Reputation: 44658
YARQ (Yet another regex question).
How would I go about splitting the following into two columns, making sure that the last column contains the last word in the sentence and the first column contains everything else.
x <- c("This is a test",
"Testing 1,2,3 Hello",
"Foo Bar",
"Random 214274(%*(^(* Sample",
"Some Hyphenated-Thing"
)
Such that I end up with:
col1 col2
this is a test
Testing 1,2,3 Hello
Foo Bar
Random 214274(%*(^(* Sample
Some Hyphenated-Thing
Upvotes: 5
Views: 522
Reputation:
This might not exactly be for you, but in case anyone was wondering how to do this in python:
#col1:
print line.split(" ")[:-1]
#col2:
print line.split(" ")[-1]
Note that col1 will get printed as a list, which you can make into a string like this:
#col1:
print " ".join(line.split(" ")[:-1])
Upvotes: 0
Reputation: 93908
Here's a go using strsplit
:
do.call(rbind,
lapply(
strsplit(x," "),
function(y)
cbind(paste(head(y,length(y)-1),collapse=" "),tail(y,1))
)
)
Or an alternative implementation using sapply
t(
sapply(
strsplit(x," "),
function(y) cbind(paste(head(y,length(y)-1),collapse=" "),tail(y,1))
)
)
Resulting in:
[,1] [,2]
[1,] "This is a" "test"
[2,] "Testing 1,2,3" "Hello"
[3,] "Foo" "Bar"
[4,] "Random 214274(%*(^(*" "Sample"
[5,] "Some" "Hyphenated-Thing"
Upvotes: 4
Reputation: 15405
This looks like a job for look ahead. We'll find spaces followed by things which are not spaces.
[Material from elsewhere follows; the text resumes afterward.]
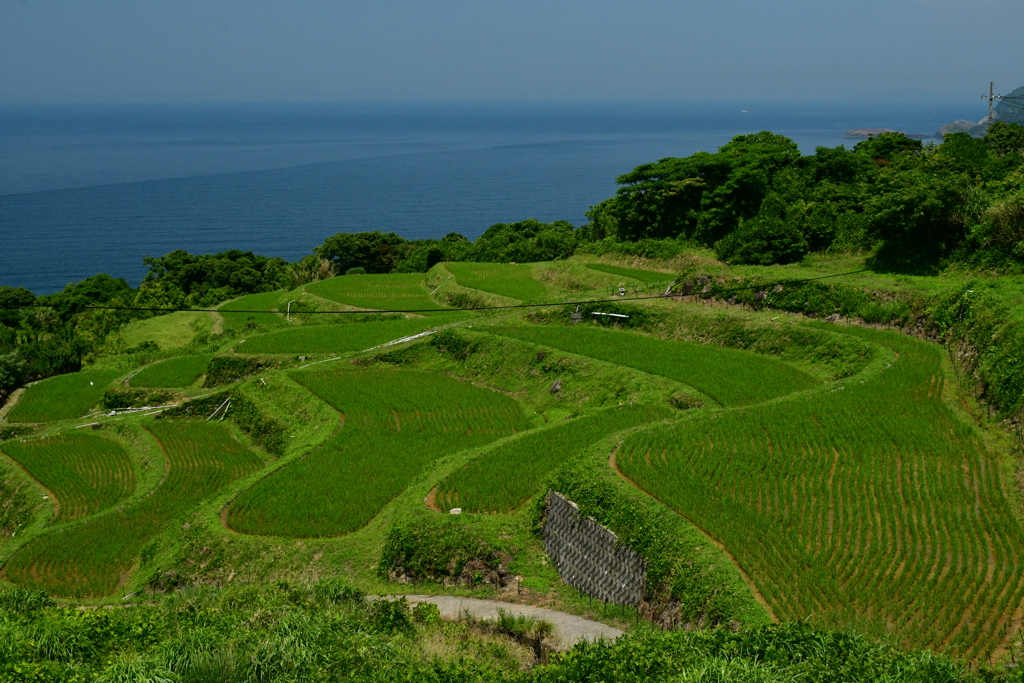 棚田。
split <- strsplit(x, " (?=[^ ]+$)", perl=TRUE)
matrix(unlist(split), ncol=2, byrow=TRUE)
[,1] [,2]
[1,] "This is a" "test"
[2,] "Testing 1,2,3" "Hello"
[3,] "Foo" "Bar"
[4,] "Random 214274(%*(^(*" "Sample"
[5,] "Some" "Hyphenated-Thing"
Upvotes: 9
Reputation: 60150
Assuming "words" are alphanumeric (the last word in this case is one or letters \\w
or digits \\d
, you can add more classes if necessary):
col_one = gsub("(.*)(\\b[[\\w\\d]+)$", "\\1", x, perl=TRUE)
col_two = gsub("(.*)(\\b[[\\w\\d]+)$", "\\2", x, perl=TRUE)
Output:
> col_one
[1] "This is a " "Testing 1,2,3 " "Foo "
[4] "Random 214274(%*(^(* "
> col_two
[1] "test" "Hello" "Bar" "Sample"
Upvotes: 1